Abstract
Presidential Studies Quarterly, March 2005, Center for the Study of the Presidency.
Historians like Ike. Although the Dwight D. Eisenhower administration upped the Cold War nuclear ante through its New Look policy–which threatened “massive retaliation” with nuclear weapons in response to any attack against the United States–chroniclers of the period tend to portray the president as a rational, benevolent statesman who abhorred nukes. To the extent that Eisenhower publicly endorsed the military utility of nuclear weapons, these comments often have been downplayed as random musings or as tactical bluffs.
But in his article “Beyond Brinkmanship: Eisenhower, Nuclear War Fighting, and Korea, 1953-1968,” Brown University political scientist Michael Gordon Jackson suggests that historians have allowed their fondness for the “Man from Abilene” to soften their perceptions of the former general. Writing in Presidential Studies Quarterly–an interdisciplinary journal published by the Center for the Study of the Presidency in Washington, D.C.–Jackson argues that the real reason Eisenhower spoke so forcefully about using nuclear weapons is that, well, he actually believed it: “The fact of the matter is that President Eisenhower was much more committed to the necessity, if not the desirability, of nuclear war fighting than most have been willing to accept.”
Scouring through a paper trail of declassified documents, Jackson finds a striking consistency in Eisenhower's views both during and after his presidency. In meetings with his National Security Council in 1953, Eisenhower spoke frequently of employing nuclear weapons against Chinese forces (“hitting them hard”), should Beijing violate the recently signed Korean armistice. Jackson notes these comments should not be casually dismissed, since the administration launched a concerted diplomatic offensive to shore up support for the war plan among U.S. allies. Indeed, British Foreign Minister Anthony Eden recalled one discussion wherein, “Ike said the American public no longer distinguished between atomic and other weapons … nor is there logically any distinction…. Why should [the Americans] confine themselves to high explosives requiring thousands of aircraft … when they can do it more cheaply and easily with atoms?”
Years later, as an informal adviser to President Lyndon B. Johnson, Eisenhower was a staunch advocate for using tactical nuclear weapons to bring about an end to the Vietnam War.

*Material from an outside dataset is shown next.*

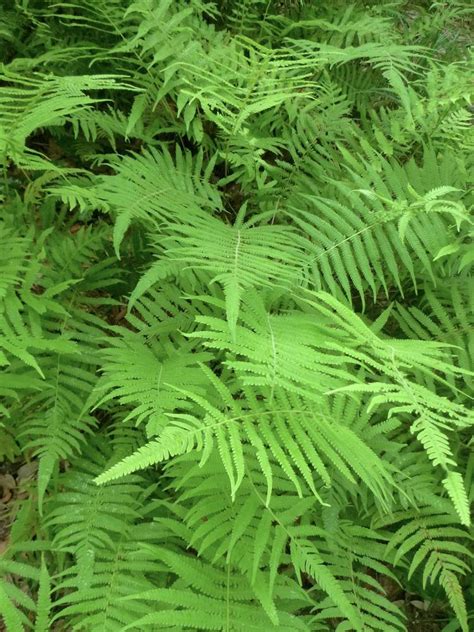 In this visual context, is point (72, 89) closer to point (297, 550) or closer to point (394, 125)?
point (394, 125)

In these and other case studies, Jackson reveals Eisenhower dismissed the dangers of nuclear escalation (“the Russians and the Chinese would be guided by their own interests”) and that he was often impatient with State Department concerns over political repercussions.
The parallels between the Eisenhower years and the current era are not lost on Jackson. He observes that the Bush administration's push to develop new classes of nuclear weapons for military use (such as the so-called mini-nukes) highlights the need for historians to reassess the extent to which Cold War presidents viewed nuclear weapons not merely as instruments of deterrence, but as arsenals of “compellence.” And it makes one wonder how eager Ike would have been to use nuclear weapons in an era in which a growing number of countries possess the capabilities to follow the U.S. example.